◆ Extracted entries ◆
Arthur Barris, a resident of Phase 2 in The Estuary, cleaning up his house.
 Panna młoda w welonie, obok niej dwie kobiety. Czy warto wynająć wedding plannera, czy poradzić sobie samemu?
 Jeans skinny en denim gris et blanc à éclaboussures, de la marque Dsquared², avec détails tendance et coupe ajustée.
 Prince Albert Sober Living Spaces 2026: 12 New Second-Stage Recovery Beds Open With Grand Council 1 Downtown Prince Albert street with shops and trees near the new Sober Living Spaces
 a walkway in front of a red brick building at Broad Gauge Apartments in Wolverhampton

◆ Your instructions ◆
Having read the entries above, set each one down again exactly.

◆ Output below ◆
Arthur Barris, a resident of Phase 2 in The Estuary, cleaning up his house.
 Panna młoda w welonie, obok niej dwie kobiety. Czy warto wynająć wedding plannera, czy poradzić sobie samemu?
 Jeans skinny en denim gris et blanc à éclaboussures, de la marque Dsquared², avec détails tendance et coupe ajustée.
 Prince Albert Sober Living Spaces 2026: 12 New Second-Stage Recovery Beds Open With Grand Council 1 Downtown Prince Albert street with shops and trees near the new Sober Living Spaces
 a walkway in front of a red brick building at Broad Gauge Apartments in Wolverhampton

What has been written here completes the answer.